Может быть, неслыханное испытание и не так бесполезно для русских писателей. Во всяком случае для критика, если он сам уцелел, вовремя пришел в себя и может оглядеться вокруг,-- оно полезно: вернее ценишь, яснее видишь... и писателей, и свои собственные ошибки. Разве не случалось нам звать искусством то. что затем на глазах развеялось пылью? И не надеялись ли мы порою на художника, который, когда буря сорвала с него одежды, оказался просто ничтожеством?

Зато вдвое, во сто раз дороже и ценнее испытание выдержавший: тот, кто продолжает свое дело на чужбине, без родины, без земли,-- почти без тела: если даже раны его неизлечимы -- творчество его бессмертно...

Оставим, однако, лирику. Посмотрим просто, что делается с нашей литературой в Европе.
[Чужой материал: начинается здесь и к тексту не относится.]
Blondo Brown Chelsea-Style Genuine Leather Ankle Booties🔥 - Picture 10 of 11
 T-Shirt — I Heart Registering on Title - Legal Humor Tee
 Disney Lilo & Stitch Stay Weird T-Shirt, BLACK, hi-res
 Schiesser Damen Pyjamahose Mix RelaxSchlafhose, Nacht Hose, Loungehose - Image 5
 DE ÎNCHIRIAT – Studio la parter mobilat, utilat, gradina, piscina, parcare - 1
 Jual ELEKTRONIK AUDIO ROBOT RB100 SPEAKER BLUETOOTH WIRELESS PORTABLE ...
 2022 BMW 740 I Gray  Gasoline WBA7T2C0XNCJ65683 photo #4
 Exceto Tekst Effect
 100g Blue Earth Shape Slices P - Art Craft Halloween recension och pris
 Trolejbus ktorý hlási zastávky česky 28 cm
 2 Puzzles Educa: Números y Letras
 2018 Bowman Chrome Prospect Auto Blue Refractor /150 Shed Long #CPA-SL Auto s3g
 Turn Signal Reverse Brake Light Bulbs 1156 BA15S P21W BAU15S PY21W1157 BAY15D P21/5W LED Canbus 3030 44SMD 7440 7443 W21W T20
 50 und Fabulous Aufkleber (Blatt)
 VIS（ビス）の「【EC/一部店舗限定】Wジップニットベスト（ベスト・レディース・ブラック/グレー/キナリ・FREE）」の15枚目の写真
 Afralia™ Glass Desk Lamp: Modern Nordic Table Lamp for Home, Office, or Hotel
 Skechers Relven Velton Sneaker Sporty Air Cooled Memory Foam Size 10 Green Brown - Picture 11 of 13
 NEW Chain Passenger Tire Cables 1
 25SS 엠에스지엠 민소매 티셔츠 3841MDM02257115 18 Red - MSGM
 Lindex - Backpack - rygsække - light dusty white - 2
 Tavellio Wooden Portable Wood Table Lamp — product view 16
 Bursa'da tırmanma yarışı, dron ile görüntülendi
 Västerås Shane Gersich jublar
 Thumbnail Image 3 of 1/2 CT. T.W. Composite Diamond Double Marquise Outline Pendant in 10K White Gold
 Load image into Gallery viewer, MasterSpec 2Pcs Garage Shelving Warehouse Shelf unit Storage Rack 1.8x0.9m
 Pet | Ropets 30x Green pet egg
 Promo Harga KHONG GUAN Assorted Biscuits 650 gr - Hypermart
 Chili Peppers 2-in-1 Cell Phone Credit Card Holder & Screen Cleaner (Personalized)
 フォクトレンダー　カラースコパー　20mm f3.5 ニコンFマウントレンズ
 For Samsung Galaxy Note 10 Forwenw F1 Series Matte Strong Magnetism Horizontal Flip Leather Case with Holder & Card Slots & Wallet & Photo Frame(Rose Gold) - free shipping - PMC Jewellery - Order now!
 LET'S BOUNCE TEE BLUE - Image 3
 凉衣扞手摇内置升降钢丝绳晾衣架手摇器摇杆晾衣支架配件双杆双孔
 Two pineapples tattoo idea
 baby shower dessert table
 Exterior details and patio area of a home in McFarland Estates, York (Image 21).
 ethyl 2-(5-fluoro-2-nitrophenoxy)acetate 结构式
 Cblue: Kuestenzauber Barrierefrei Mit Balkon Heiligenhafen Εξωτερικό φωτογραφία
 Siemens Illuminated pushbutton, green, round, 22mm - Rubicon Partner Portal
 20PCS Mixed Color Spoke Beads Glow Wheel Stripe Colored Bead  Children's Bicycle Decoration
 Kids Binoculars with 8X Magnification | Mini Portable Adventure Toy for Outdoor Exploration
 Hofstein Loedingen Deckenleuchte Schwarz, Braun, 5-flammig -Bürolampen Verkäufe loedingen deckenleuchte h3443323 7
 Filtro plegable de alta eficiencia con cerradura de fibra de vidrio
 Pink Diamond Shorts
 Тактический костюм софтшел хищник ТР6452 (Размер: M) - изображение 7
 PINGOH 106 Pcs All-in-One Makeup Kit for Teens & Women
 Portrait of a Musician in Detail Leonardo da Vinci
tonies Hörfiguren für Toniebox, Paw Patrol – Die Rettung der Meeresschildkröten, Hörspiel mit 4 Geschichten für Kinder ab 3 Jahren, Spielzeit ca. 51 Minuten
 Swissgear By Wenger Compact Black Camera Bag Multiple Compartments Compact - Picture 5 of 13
В Европе... не в России. Что сделали в России с русскими писателями -- мы видели, а что делается с немногими, подлинными, там еще остающимися, я не знаю (конечно, знал бы, если бы, чудом, наперекор рассудку и вопреки стихиям, там кто-нибудь расцвел, как Ааронов жезл). Там, из старых, все время действовали,-- да и по сию пору, кажется, писателями считаются,-- Ясинский и Луначарский, а третий -- Брюсов. Но первые два, как не были в литературе, так и остались вне ее. Луначарский всячески пытался объявить себя Гете: по декрету -- не вышло; Фауста своего написал (рабочего) -- тоже ни черта; теперь махнул рукой и просто живет -- неразвенчанным Хлестаковым. Брюсов в литературе был, но автоматически из нее выпал. Последние стихи этого, когда-то талантливого, человека возбуждают лишь удивление и неприятную жалость.

Из живых, там погребенных,-- Сологуб. Но он должен был приехать сюда три года тому назад. Накануне отъезда трагически погибла его жена. С этих пор мы не должны говорить о "жизни" Сологуба; с этих пор начинается его "житие".

Какое имя ни вспомнишь -- все здесь. Последний по времени "европеец" -- Арцыбашев. Известное писательское "целомудрие" еще не позволяет ему отдаться, что называется, чисто " художественному творчеству ". Но с какой силой, с каким блеском заговорил он после пятилетнего молчания! Каждая критическая статья его -- воистину "художественное" произведение. Он покуда в Варшаве (Польша ведь тоже ныне в некотором роде "Европа") и печатается в маленькой местной газете "Свобода"... Я с грустью (и с некоторым ужасом) думаю, что вырвавшийся из плена Арцыбашев только в этой "Свободе" и мог обрести свободу слова... Попади он сразу к нам, в гущу эмигрантской прессы, его бы укротили. Художникам не полагается писать статей. По нынешним временам всякая статья-- "политика" (и правда, никак не увернешься, раз заговорил просто по-человечески). Беллетристу же у нас, в данную минуту, дозволяется знать свою беллетристику, а дальше -- чтобы ни ногой.

Арцыбашев -- настоящий художник. У него очень неровный, со срывами, но сильный талант. До сих пор помнится мне его давняя, острая и глубокая вещь -- "Смерть Ланде". Но Арцыбашев не только художественный писатель, он как-то весь талантлив, сам; не художник-беллетрист, а и художник-человек. Поэтому я и говорю о несомненной художественности его статей. У нас же "художество" сейчас загнано в рамки "беллетристики", иного места ему не полагается. Это печальная действительность, но это, конечно, минует. Пока же я радуюсь, что Арцыбашев нашел свободу хоть в этой маленькой, малочитаемой "Свободе".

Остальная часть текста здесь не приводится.